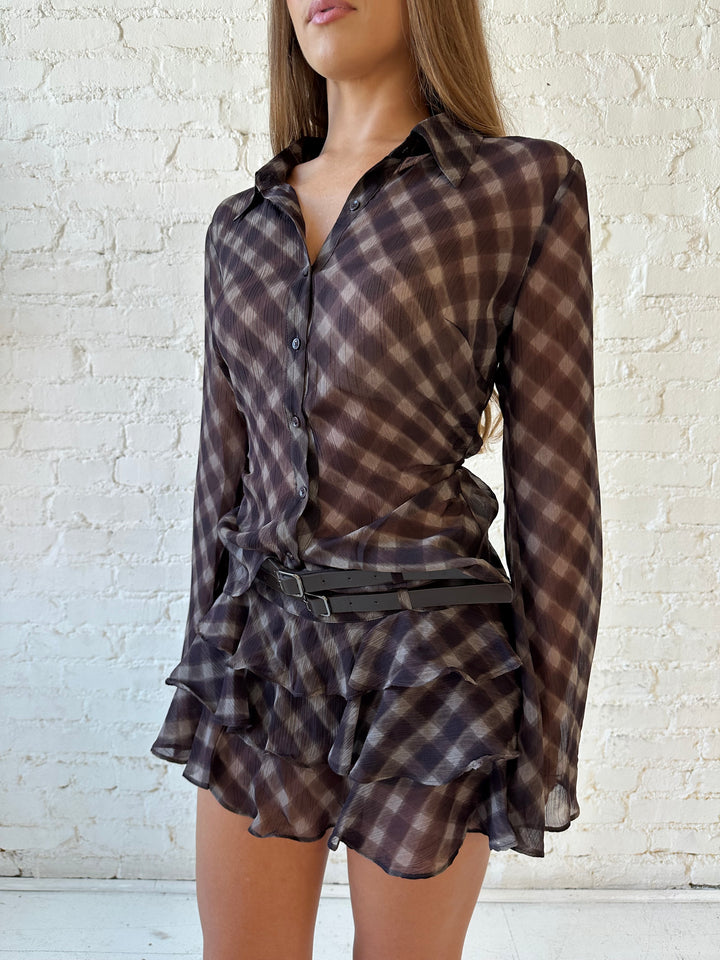 Woman wearing sheer brown plaid two piece ruffle skirt set with belted waist and tie detail.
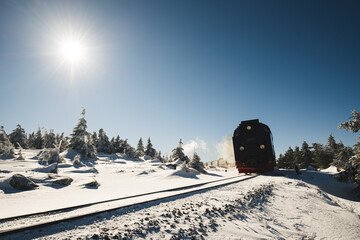 Dampflok Zug fährt durch eine verschneite Winterlandschaft mit Schnee auf dem Brocken in...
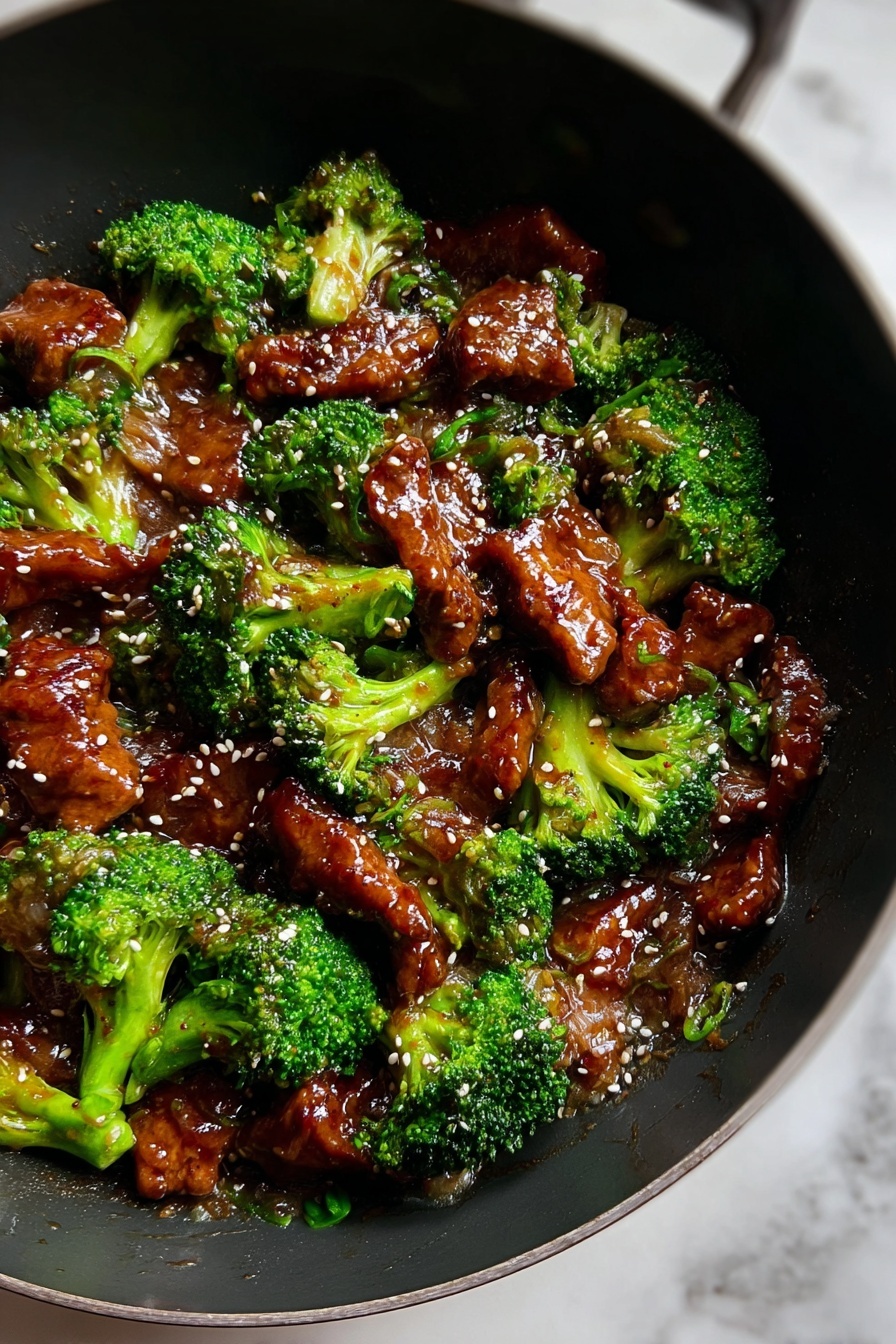 The dish shows about two layers mixed together in a black wok on a white marbled surface. The first layer is bright green broccoli florets that look fresh and slightly glossy. The second layer consists of shiny, brown pieces of meat coated in a thick sauce. Light-colored sesame seeds are sprinkled evenly on top, adding small spots of contrast. The sauce gives the meat a wet and glossy texture, while the broccoli adds a rough, natural look. The whole dish looks warm and tasty, with a good mix of colors and textures. Photo taken with an iphone --ar 2:3 --v 7 - Beef with Garlic Sauce, Chinese beef stir-fry, garlic sauce recipe, easy beef dinner, flavorful beef recipes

→ **WORK ORDER**: Copy out the listing above exactly, and keep the pictures out of it.

→ **THE COMPLETED TASK**:
 Woman wearing sheer brown plaid two piece ruffle skirt set with belted waist and tie detail.
 Dampflok Zug fährt durch eine verschneite Winterlandschaft mit Schnee auf dem Brocken in...
 The dish shows about two layers mixed together in a black wok on a white marbled surface. The first layer is bright green broccoli florets that look fresh and slightly glossy. The second layer consists of shiny, brown pieces of meat coated in a thick sauce. Light-colored sesame seeds are sprinkled evenly on top, adding small spots of contrast. The sauce gives the meat a wet and glossy texture, while the broccoli adds a rough, natural look. The whole dish looks warm and tasty, with a good mix of colors and textures. Photo taken with an iphone --ar 2:3 --v 7 - Beef with Garlic Sauce, Chinese beef stir-fry, garlic sauce recipe, easy beef dinner, flavorful beef recipes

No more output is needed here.